What will be mentioned is how much money our children will make in the jobs not taken by the many Temporary Foreign Workers we are to expect.
But even when money is the topic, what won’t be mentioned is how many billions oil and gas corporations will make and how little of that will actually be collected in taxes, how little they will pay for the extraction of our collective resources and the destruction of our environment.
Why are we standing by while profit is prioritized above ensuring there is a livable planet for our children?
With the money that they will earn, where will our children go to buy a new planet once the oil and gas industry has destroyed the possibility of human life on this one?

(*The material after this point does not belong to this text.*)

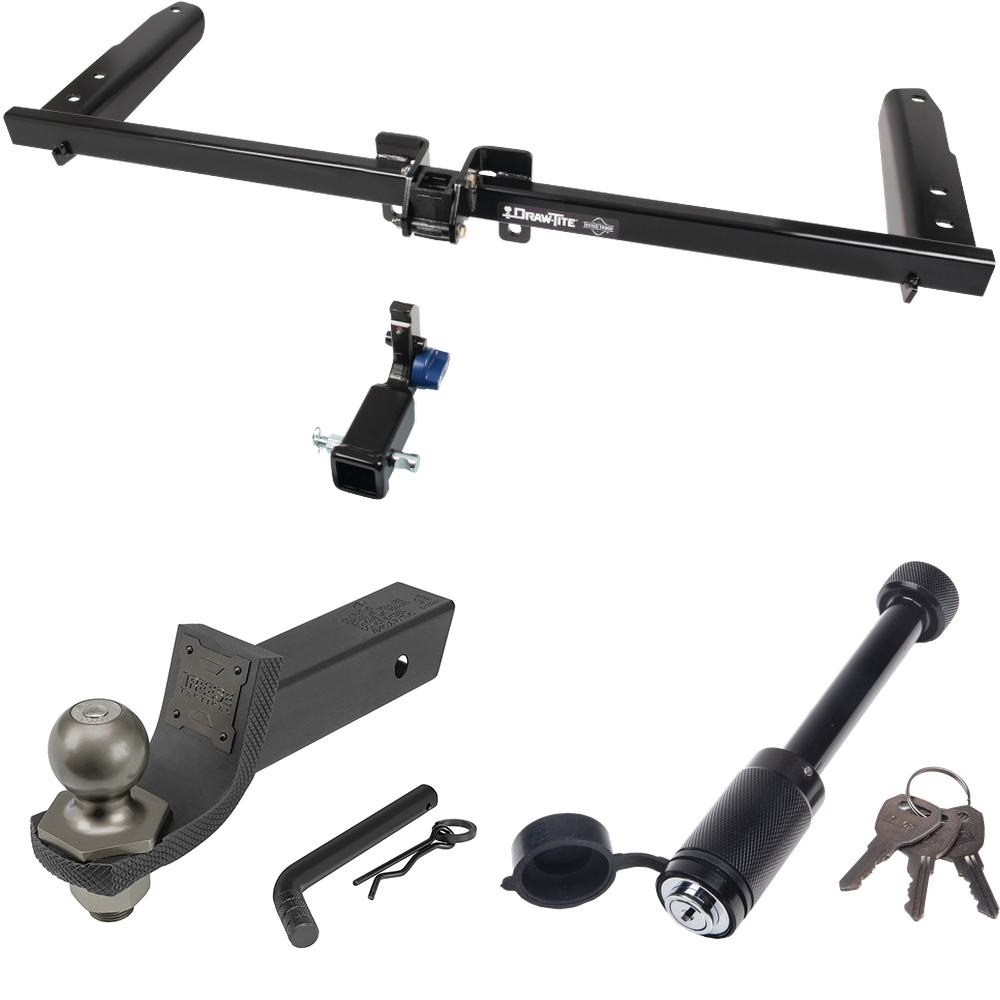 Fits 2018-2023 Honda Odyssey Trailer Hitch Tow PKG + Interlock Tactical Starter Kit w/ 2" Drop & 2" Ball + Tactical Dogbone Lock (For With Fuse Provisions Models) By Draw-Tite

Why is it so difficult for people to understand that we are not in the environment, that the environment is in us.
Whatever we put into our water, we put into our bodies.

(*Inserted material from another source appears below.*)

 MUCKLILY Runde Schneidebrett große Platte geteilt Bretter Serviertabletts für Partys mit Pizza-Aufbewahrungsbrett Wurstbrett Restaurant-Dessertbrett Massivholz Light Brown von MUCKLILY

Whatever we put into the air, we put into our bodies.
Whatever we put into the soil, we put into our bodies.
Is the fact that there are PCBs and other pesticides in the breastmilk of nursing mothers not enough to cause us to pause and to reflect upon what we are doing in the name of the economy?
There can be no economy if there is no healthy environment.

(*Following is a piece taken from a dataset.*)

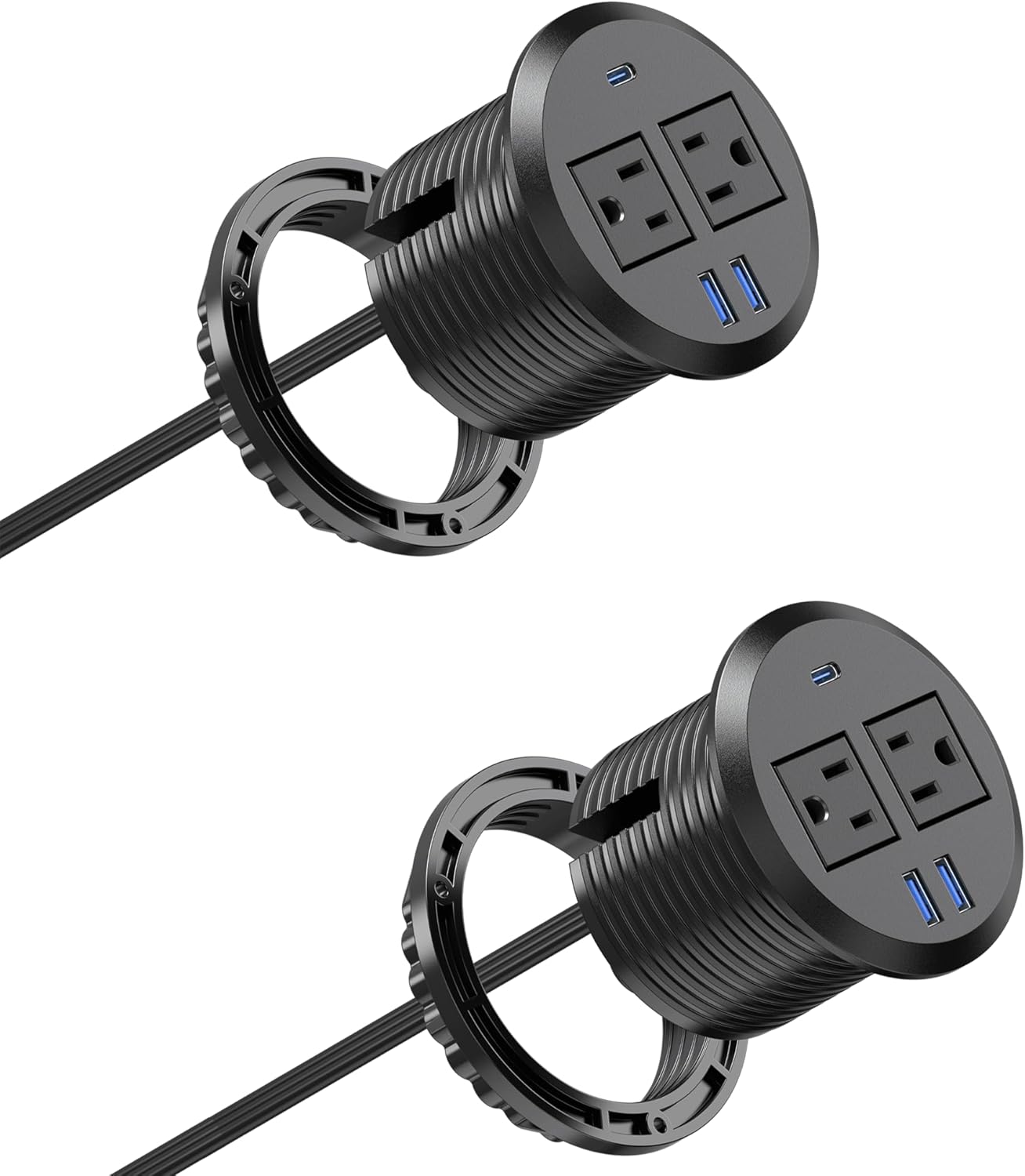 3 inch Desktop Power Grommet USB C,20W Fast Charging Station,Furniture Recessed Power Strip,2 Outlets,3 USB Ports,Flush-Mount for Desktop, Workspace Essential Desk Outlet,2 Pack (Black)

Our children are entering a world they did not create. What kind of world is our education preparing them for?
When enormous resources are being spent in a spin machine that is trying to persuade our children that the only viable option for employment is an industry that destroys the environment, what are we doing?
Why are we not insisting that our children are trained for skills in green technology industries? Why are we not demanding that our governments follow the example of countries like Denmark that are rapidly moving away from fossil fuel dependence?
Why not teach our children a new way of being in the world, a way of living that does not destroy what our lives depend on?
Why are we fracking our children’s future?
Would a poem elucidate our options more clearly?
The Ark of Consequence by Marge Piercy
The classic rainbow shows an arc,
a bridge strung in thinning clouds,
but I have seen it flash a perfect circle,
rising and falling and rising again
through the octave of colours,
a sun shape rolling like a wheel of light.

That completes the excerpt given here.